By Chaz Lipp
If the measure of a satisfying comedy is simply the laughs-per-minute ratio, Jackass Presents: Bad Grandpa is worth every penny. Johnny Knoxville stars as Irving Zisman, an 86-year-old widower on a mission to deliver his eight-year-old grandson, Billy (Jackson Nicoll), to his ne’er do well father. Bad Grandpa coasts along on this basic plot thread rather than the plot-free series of stunts seen in the Jackass movies. As advertised, the bystanders are real people with real reactions. In other words, it’s closer to Borat or Bruno, but without those films’ elements of social satire (exposing racism in the former, homophobia in the latter).
That lack of depth and ambition does Bad Grandpa no harm in terms of eliciting laughs. Irving and Billy get up to all kinds of hijinks, including a disastrous funeral for Irving’s recently deceased wife (Catherine Keener), a flatulent visit to a diner, crashing a wedding, and attending a child beauty pageant (in which Billy poses as a girl). Many of the big set pieces were featured in the film’s trailer, most prominently the climactic pageant. This obviously hurts the element of surprise, especially if you’ve seen the trailer tons of times. But this isn’t a case of “all the best gags were in the trailer.” I don’t want to reveal too much, but suffice it to say that I can’t help but break out in giggles just thinking about Zisman’s appearance at a male strip show.

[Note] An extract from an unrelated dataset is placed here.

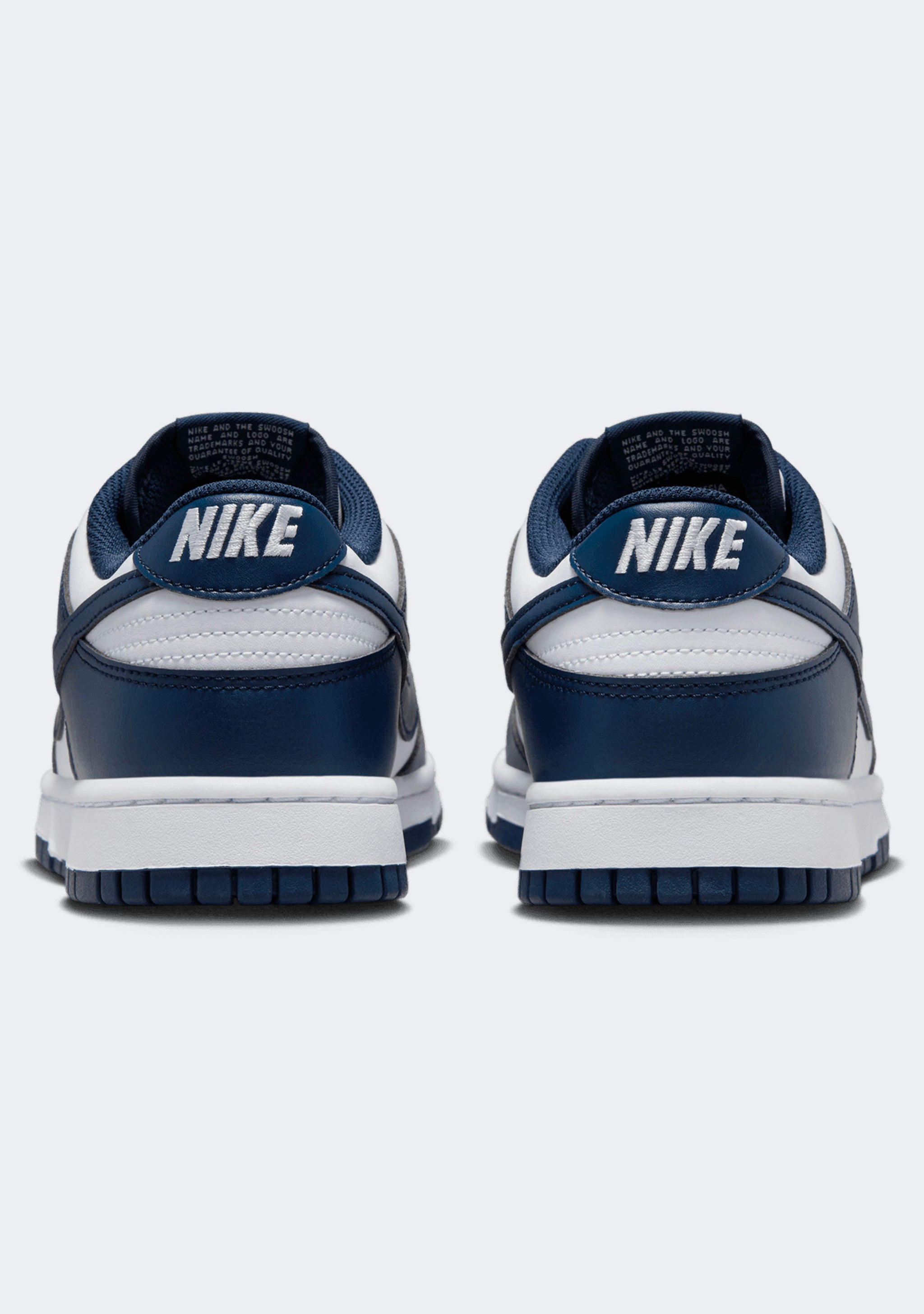 Nike Men's Dunk Low Retro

I don’t know about you, but not many comedies can get me laughing simply by remembering it. Bad Grandpa is the kind of movie you just can’t wait to talk to your friends about, mutually cracking up as you recount favorite moments. Sure it’s shallow, silly, and arguably pointless – but so what? I would actually argue that Knoxville and his co-writers Spike Jonze and Jeff Tremaine (who also directed) had a very valid point: to leave people’s sides sore from laughter. My Thursday night screening was nearly sold out and the belly laughs were totally contagious, carrying over from one scene to the next.

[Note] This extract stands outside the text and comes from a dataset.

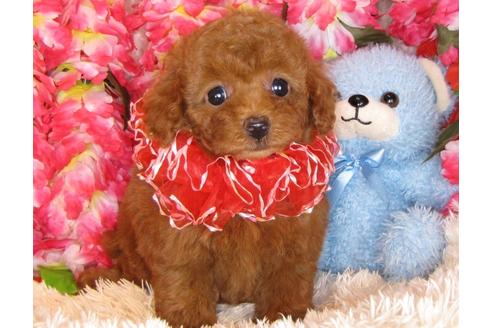 成約済の茨城県のトイプードル-30873の4枚目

Following the aforementioned works of genius by Sacha Baron Cohen and the earlier Jackass movies and TV show, Bad Grandpa isn’t all that fresh or original. But what sets it apart is the surprising degree of tenderness that develops between Irving and Billy. Young Jackson Nicoll is truly sensational as Billy. His completely natural interactions with passersby (he tries to get one hapless dude to spontaneously adopt him) are among the film’s highlights. Some of Knoxville’s obviously unrehearsed reactions to Nicoll’s apparent improvisations are priceless.
The bond that develops between Irving and Billy is at least as believable as seen in your average “heartwarming” comedy, maybe more so. Knoxville has such a knack for eliciting sympathy from strangers, even under the most outrageous of circumstances, you can’t help but root for Irving. By the time he and has grandson meet up with Billy’s father (at a biker bar populated with members of a real biker organization, Guardians of the Children), I was ready to watch the odyssey all over again. Honestly, what more can you ask from a comedy?